L’historiographie théâtrale algérienne s’accorde à relever cinq principales étapes chronologiques dans l’évolution du théâtre algérien. La chronologie en question, repose sur l’évolution de la pensée idéologique de la formation de l’Etat national depuis l’indépendance politique en 1962.

Au regard de cette lecture linéaire des faits sociopolitiques, tout à commencer en 1926et s’achève 1962, avec la consécration de l’identité politique. Avant 1926, l’histoire des cercles ouvriers algériens en France et en Belgique, les noyaux fondateurs de l’organisation syndicalo-marxiste , l’Etoile Nord Africaine (ENA) et le courant assimilationniste du petit-fils de l’Emir Abdelkader, l’Emir Khaled, sont mis totalement en veilleuse .

La date d’une représentation est donc retenue comme une date butoir d’un début foudroyant, dit-on, du 4e art en Algérie qui aurait marqué la communauté des colonisés musulmans. Il a suffit d’un texte, d’un contenu d’un nom d’artiste pour asseoir une date et enclencher dans la mémoire collective quelques bribes d’une appartenance identitaire d’un art pourtant, totalement européen et étranger à la sphère culturelle de l’Afrique du Nord. Djeha, est le titre de la pièce tournant autour des élucubrations d’un personnage tout juste sortie de l’imaginaire populaire du temps de la dynastie féodalo-religieuse de la dynastie Abbasside. l‘auteur-interprète, n’est autre que l’ouvrier-comédien Allalou de son nom Ali Sellami (1902-1992) et la composition du texte en question, marque une halte algérienne nourrie par une sorte de mythologie populaire.

Ais lorsque les questions historiques débordent sur l’ordre sociologique et politique entièrement encré dans le contexte colonial, l’acte de naissance d’un art totalement européen pose de nouvelles exigences problématiques et la plus sereine des lectures socio-culturelles le développement cet art de la scène en Algérie nous est proposé du sociologue et conseiller à la Présidence algérienne, Abdelkader Djeghloul (1945-2009), dans son étude intitulée Eléments d’histoire culturelle algérienne (Alger, 1984), dans laquelle il note :

« Une mention particulière doit être accordée au théâtre qui, seul parmi les nouvelles formes d’expression, parvint à toucher le grand public. Faut signaler, en effet, que les écrits de langue française ou de langue arabe, étaient inaccessibles à une culture directe par la grande masse des Algériens. Pour des raisons évidentes, l’analphabétisation dans les deux langues étaient le lot du colonisé. C’est pourquoi dans leur désir de générer le théâtre populaire, es pères fondateurs, Allalou, Mahieddine Bachetarzi et Rachid Ksentini, adoptèrent d’emblée la langue dialectale. Il ne leur restait plus qu’à habituer les familles algériennes à se déplacer pour assister, dans un cadre nouveau, à ce qui pouvait ressembler à la halqa (1) de la tradition. » (pp.149-150)

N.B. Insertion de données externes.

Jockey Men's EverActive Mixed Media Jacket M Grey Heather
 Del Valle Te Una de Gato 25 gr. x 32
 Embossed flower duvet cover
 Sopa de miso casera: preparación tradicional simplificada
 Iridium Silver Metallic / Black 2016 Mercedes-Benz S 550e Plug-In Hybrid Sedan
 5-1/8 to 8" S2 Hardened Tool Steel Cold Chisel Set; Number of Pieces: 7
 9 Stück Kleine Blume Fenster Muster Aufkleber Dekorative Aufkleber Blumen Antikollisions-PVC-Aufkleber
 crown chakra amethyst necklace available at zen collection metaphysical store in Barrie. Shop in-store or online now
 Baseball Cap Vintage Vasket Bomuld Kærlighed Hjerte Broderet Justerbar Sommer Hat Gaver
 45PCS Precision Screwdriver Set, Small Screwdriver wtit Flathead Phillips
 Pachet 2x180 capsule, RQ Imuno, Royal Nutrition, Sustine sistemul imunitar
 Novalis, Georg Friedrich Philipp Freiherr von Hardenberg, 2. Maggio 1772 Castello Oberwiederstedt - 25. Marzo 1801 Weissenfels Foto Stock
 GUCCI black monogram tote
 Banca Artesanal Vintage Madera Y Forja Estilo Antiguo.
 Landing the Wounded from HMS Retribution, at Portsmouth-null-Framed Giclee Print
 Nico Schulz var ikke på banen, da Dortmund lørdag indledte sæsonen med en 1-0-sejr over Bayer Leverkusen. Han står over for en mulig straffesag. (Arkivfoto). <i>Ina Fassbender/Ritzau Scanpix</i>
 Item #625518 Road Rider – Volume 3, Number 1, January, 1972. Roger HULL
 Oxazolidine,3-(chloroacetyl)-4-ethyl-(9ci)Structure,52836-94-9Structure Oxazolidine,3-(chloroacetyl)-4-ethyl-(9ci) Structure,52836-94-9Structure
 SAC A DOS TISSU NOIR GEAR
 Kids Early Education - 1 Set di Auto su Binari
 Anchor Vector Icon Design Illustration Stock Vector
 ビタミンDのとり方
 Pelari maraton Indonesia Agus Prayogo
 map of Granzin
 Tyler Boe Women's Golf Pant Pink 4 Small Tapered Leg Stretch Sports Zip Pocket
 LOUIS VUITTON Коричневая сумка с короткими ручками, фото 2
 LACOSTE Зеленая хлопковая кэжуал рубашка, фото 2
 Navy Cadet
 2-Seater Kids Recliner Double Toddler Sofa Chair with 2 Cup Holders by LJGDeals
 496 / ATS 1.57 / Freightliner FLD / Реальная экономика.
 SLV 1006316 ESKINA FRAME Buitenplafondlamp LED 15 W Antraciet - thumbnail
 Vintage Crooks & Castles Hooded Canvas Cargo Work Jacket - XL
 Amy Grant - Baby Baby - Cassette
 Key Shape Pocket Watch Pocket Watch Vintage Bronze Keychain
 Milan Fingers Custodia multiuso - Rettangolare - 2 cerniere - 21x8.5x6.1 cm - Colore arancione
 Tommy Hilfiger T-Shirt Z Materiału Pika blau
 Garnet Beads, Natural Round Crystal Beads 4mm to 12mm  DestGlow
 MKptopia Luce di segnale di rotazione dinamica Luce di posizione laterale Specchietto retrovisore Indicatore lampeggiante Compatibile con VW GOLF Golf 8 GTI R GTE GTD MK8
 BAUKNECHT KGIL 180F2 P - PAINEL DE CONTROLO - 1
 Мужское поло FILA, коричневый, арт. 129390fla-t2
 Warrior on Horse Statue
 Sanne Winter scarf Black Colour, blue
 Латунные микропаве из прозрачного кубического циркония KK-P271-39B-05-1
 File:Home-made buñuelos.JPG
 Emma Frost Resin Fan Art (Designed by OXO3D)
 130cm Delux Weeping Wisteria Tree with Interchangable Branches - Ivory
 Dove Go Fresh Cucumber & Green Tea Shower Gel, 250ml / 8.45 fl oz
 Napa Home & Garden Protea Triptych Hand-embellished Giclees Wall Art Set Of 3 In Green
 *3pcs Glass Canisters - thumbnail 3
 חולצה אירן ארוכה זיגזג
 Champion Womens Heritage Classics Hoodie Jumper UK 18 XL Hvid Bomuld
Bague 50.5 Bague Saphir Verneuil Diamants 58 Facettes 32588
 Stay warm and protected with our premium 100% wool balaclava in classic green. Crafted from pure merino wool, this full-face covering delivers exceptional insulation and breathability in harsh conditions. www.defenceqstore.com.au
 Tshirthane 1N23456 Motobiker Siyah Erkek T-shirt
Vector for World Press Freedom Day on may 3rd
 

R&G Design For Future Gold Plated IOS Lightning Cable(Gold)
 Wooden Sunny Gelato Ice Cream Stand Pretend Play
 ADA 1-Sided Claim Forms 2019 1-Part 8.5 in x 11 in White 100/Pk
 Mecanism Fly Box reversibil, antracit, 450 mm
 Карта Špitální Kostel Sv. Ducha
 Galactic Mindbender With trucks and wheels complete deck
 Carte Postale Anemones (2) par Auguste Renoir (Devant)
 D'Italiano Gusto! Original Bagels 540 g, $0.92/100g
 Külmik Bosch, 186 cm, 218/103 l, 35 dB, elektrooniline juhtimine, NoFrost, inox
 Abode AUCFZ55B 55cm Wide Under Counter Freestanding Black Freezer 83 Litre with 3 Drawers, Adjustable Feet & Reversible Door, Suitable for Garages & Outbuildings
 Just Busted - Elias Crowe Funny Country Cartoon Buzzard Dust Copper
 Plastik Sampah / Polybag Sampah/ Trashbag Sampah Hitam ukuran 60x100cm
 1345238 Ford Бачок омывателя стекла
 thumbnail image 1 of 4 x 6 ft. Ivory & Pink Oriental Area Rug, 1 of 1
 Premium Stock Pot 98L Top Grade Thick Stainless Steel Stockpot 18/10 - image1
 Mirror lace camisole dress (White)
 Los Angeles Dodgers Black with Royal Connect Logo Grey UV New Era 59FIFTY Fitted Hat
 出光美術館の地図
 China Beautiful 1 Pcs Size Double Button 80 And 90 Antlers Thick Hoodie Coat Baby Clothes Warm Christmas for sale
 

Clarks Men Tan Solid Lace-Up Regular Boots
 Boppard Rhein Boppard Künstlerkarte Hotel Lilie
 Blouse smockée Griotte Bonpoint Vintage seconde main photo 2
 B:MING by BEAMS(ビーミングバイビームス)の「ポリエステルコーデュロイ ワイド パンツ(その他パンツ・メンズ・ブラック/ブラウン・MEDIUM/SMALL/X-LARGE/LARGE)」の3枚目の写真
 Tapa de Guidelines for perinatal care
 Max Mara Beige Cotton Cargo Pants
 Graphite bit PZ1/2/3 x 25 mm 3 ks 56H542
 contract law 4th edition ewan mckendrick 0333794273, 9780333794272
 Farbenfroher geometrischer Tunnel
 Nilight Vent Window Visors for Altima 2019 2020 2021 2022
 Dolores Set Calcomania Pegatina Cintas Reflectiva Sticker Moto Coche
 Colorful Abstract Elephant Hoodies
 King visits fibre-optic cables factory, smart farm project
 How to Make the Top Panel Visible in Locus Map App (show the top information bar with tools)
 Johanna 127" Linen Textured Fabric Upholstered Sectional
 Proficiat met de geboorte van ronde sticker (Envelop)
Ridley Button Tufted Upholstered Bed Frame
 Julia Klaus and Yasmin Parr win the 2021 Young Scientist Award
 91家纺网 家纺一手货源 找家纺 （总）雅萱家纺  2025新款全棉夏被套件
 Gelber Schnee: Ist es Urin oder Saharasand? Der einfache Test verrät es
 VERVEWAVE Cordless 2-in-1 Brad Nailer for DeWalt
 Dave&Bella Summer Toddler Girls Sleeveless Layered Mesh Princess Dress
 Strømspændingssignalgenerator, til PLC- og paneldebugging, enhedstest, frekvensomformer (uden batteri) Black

Nous ne pouvons nous suffire à une lecture globalisante d’un sociologisme culturel né en l’absence d’une historiographie du théâtre en Algérie. Les concepts « analphabétisation », « théâtre populaire » et « pères fondateurs » du 4e art, nous pourrons décrire contexte colonial dans lequel sont lequel sont apparus de telles manifestations artistiques dont un genre et une forme de théâtre s’est vue associée au chant, à la danse et au spectacle musical tout court.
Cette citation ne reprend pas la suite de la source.